Thursday, November 09, 2006

How I learnt to love oxy-mercurations

Well maybe I'm pushing it a bit with the title. I'm not exactly loving oxy-mercurations but I have now added it to the list of synthetic transformations worth remembering. Now I have had a long standing disrespect for the goode olde oxy-mercuration. I have always erroneously assumed that you needed stoichiometric mercury for oxy-mercurations to work. However, oxy-mercurations work really well on paper and I teach the stuff to my undergrads when we do electrophilic addition to alkenes, I do however tell them that it has no place in the lab. Well not any more! Today I completed my first oxy-mercuration and it worked really well and guess what...it's catalytic in mercury! Now I hear that many Universities don't teach this stuff to their undergrads anymore so here's a quick little scheme if you don't have a clue what I'm talking about:

I've shown the reaction for an alkyne starting material but it also works for alkenes to give alcohols rather than ketones.

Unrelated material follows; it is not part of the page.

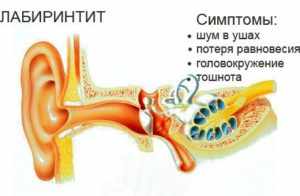 Какие антибиотики принимать при отите у взрослых?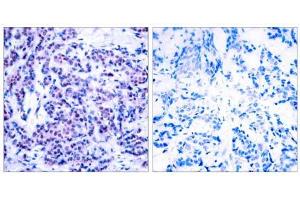 Immunohistochemical analysis of paraffin-embedded human breast carcinoma tissue using JunD (phospho- Ser255) antibody (E011028). (JunD Antikörper  (pSer255))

So why did I end up doing an oxy-mercuration? Well as it turns out we needed to get hold of a serious quantity of acetoxymethyl vinyl ketone and a quick search resulted in the following result:

Now these Scandos did a thorough job and wrote a fairly detailed experimental procedure:
A few small additions to the experimental procedure would be:
1) During the acetylation the reaction is indeed somewhat exothermic and unintentionally I proceeded to boil the crap out of it (boils at ~150 oC) for about 5 minutes.
2) If reactions go jet black and shite starts precipitating from them this should be included in the experimental procedure. This is exactly what happens when you start adding the alkyne to the mercury cocktail. At this stage I was convinced that I had fried my alkyne but apparently black crap means that the reactions is working smoothly! This is what it looks like after the addition of a small amount of the alkyne:3) Removing "part of the acetic acid" should be changed to: "remove most of the acetic acid". Otherwise, you'll end up doing nothing but adding sodium bicarbonate and filtering bucket loads of sodium acetate off for an entire day (just like I did!).

Anyway, to finish this oxy-mercuration business the chemistry works very well but man I was working my ass off for two days to get it all done. There's quite a few time consuming steps in this prep such as the adjusting of the pH to 8 followed by removal of endless quantities of sodium acetate not to mention a vacuum distillation at the very end. D!

2 comments:

Anonymous said...

Hmmm...that looks like a pretty useful method (though the conditions would be too harsh for most functionalized substrates. I like how the enone is generated via beta-elim. of the acetate from the vinyl mercury intermediate.

Thanks for the info!

Anonymous said...

This kind of chemistry can be very useful, but you should remind people to treat organo-mercury compounds like they will kill you, because they will. I think that's why they don't teach this reaction to undergraduates anymore.